• EXERCISE DIRECTIONS
Omitting all images, give the entries that follow again exactly as they read.

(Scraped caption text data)
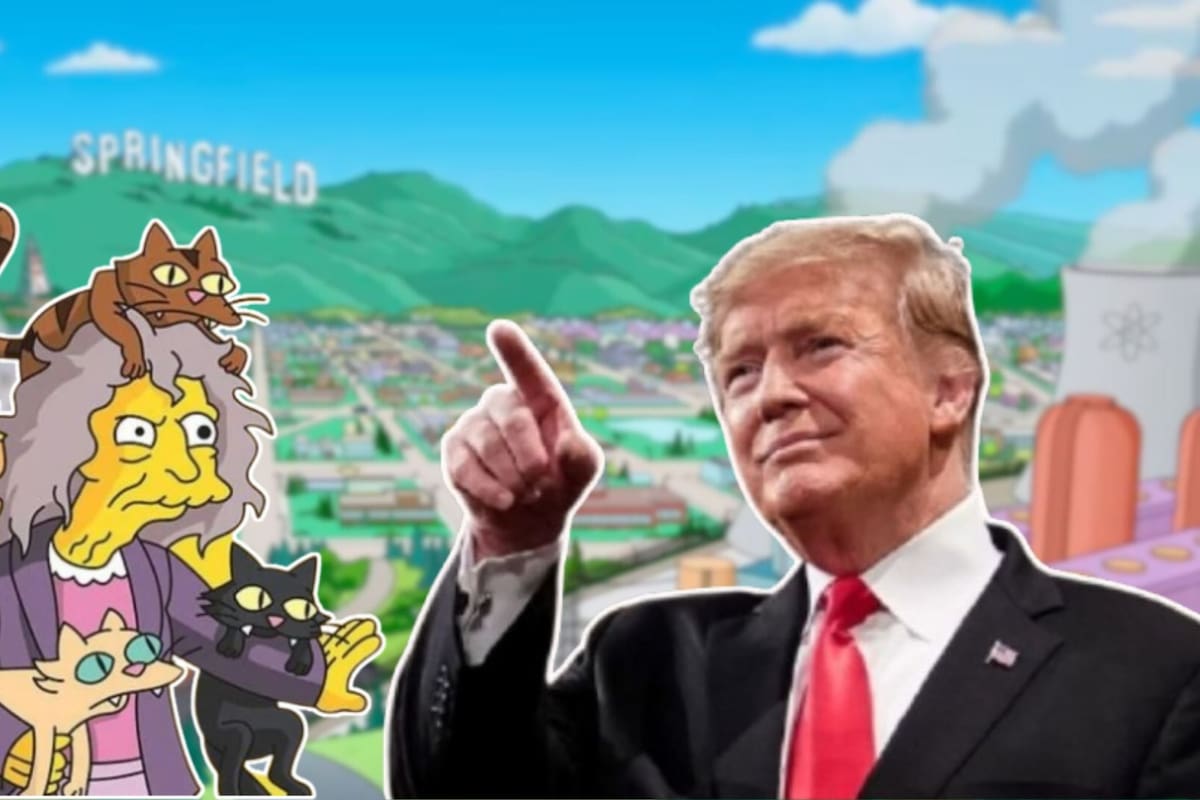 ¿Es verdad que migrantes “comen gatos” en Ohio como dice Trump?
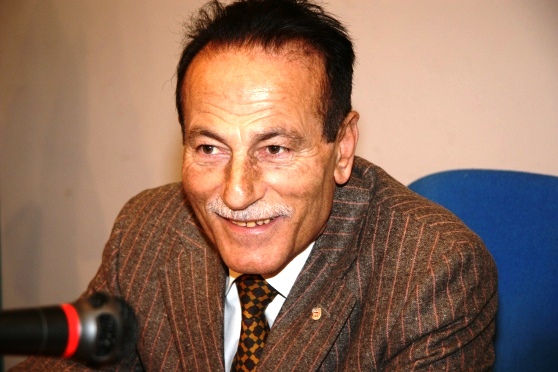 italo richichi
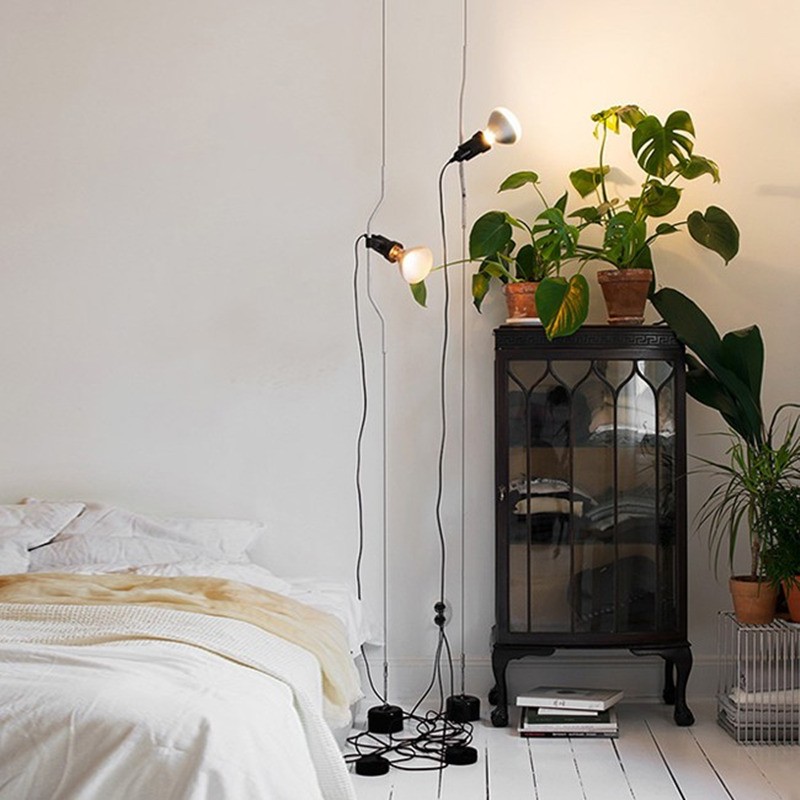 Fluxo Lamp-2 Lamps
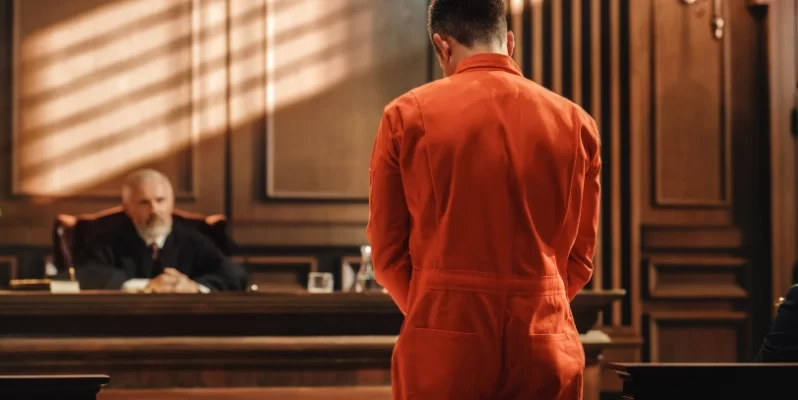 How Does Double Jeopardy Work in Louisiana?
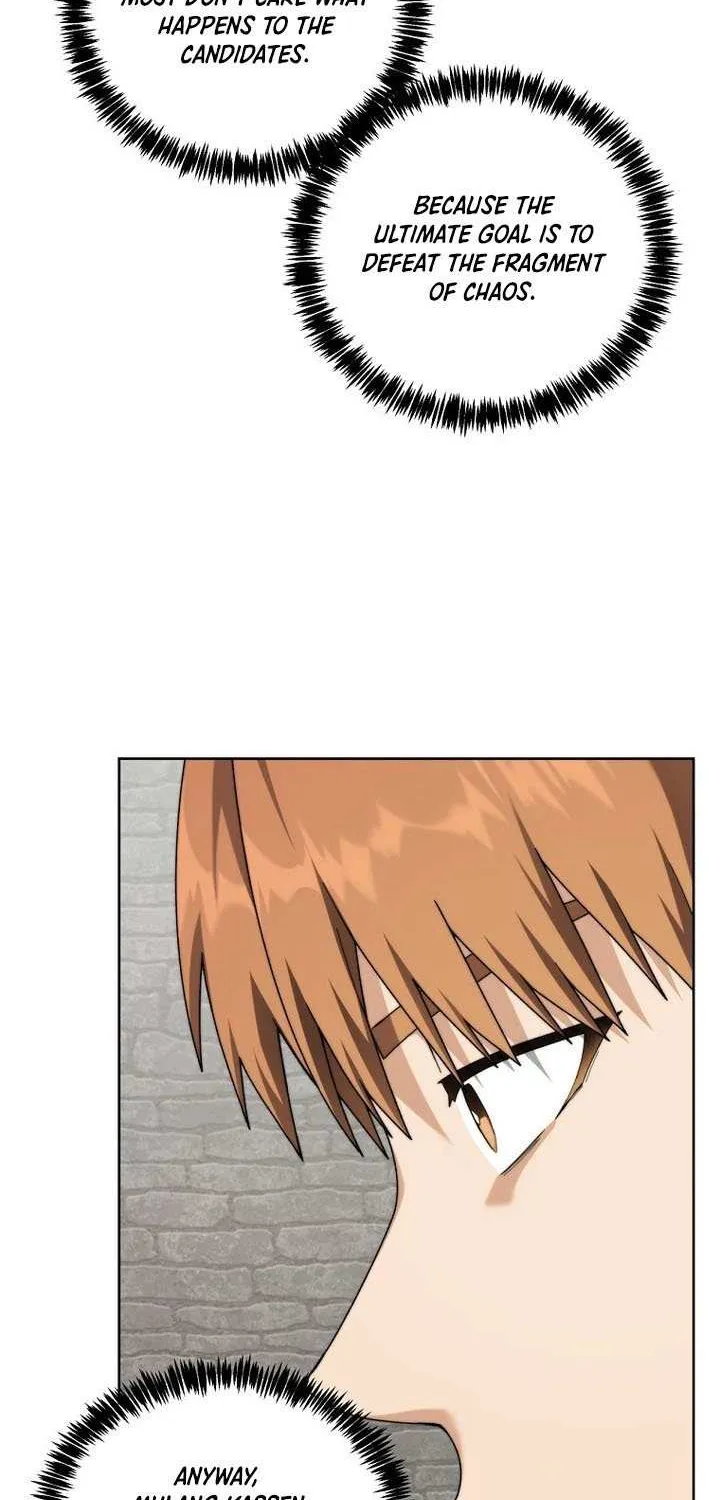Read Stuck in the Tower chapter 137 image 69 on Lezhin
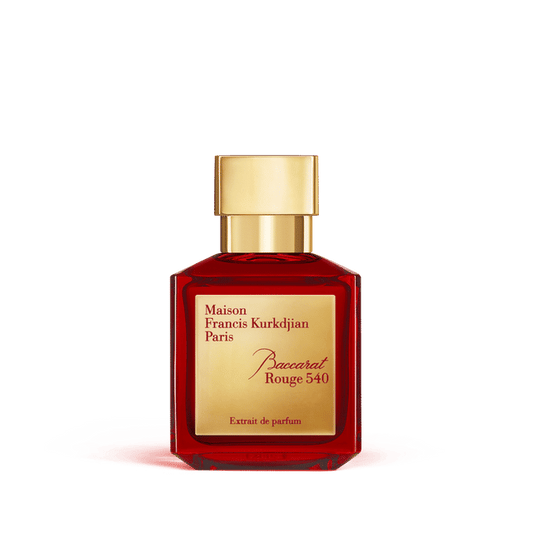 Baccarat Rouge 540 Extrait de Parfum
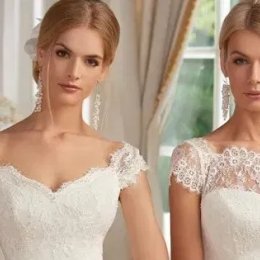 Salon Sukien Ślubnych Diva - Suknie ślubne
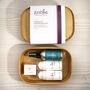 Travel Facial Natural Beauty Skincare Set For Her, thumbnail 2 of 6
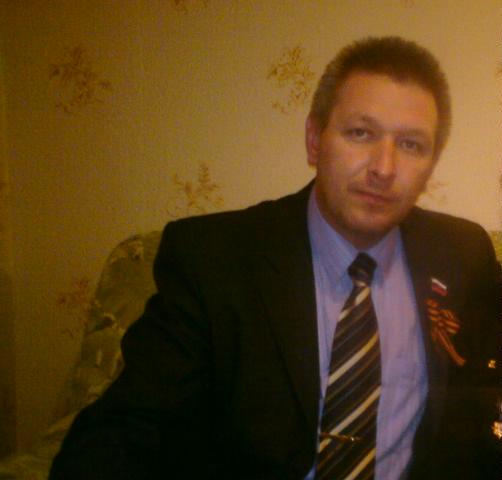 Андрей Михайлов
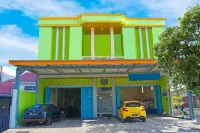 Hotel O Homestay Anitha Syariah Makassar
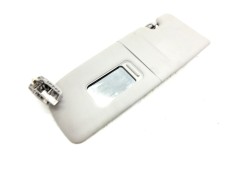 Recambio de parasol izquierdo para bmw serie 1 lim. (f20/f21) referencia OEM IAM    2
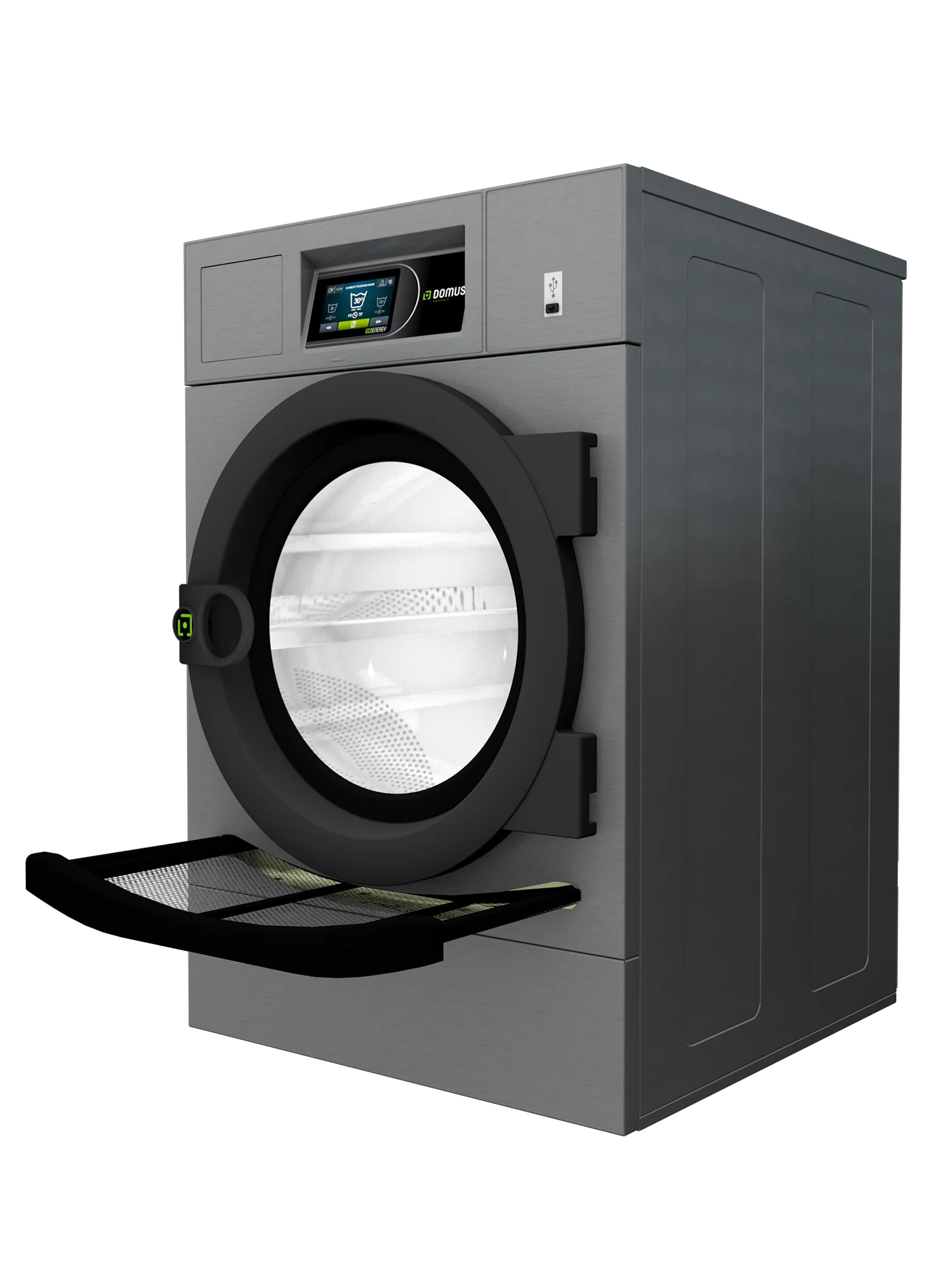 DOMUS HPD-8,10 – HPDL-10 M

• FINAL ANSWER
 ¿Es verdad que migrantes “comen gatos” en Ohio como dice Trump?
 italo richichi
 Fluxo Lamp-2 Lamps
 How Does Double Jeopardy Work in Louisiana?
Read Stuck in the Tower chapter 137 image 69 on Lezhin
 Baccarat Rouge 540 Extrait de Parfum
 Salon Sukien Ślubnych Diva - Suknie ślubne
 Travel Facial Natural Beauty Skincare Set For Her, thumbnail 2 of 6
 Андрей Михайлов
 Hotel O Homestay Anitha Syariah Makassar
 Recambio de parasol izquierdo para bmw serie 1 lim. (f20/f21) referencia OEM IAM    2
 DOMUS HPD-8,10 – HPDL-10 M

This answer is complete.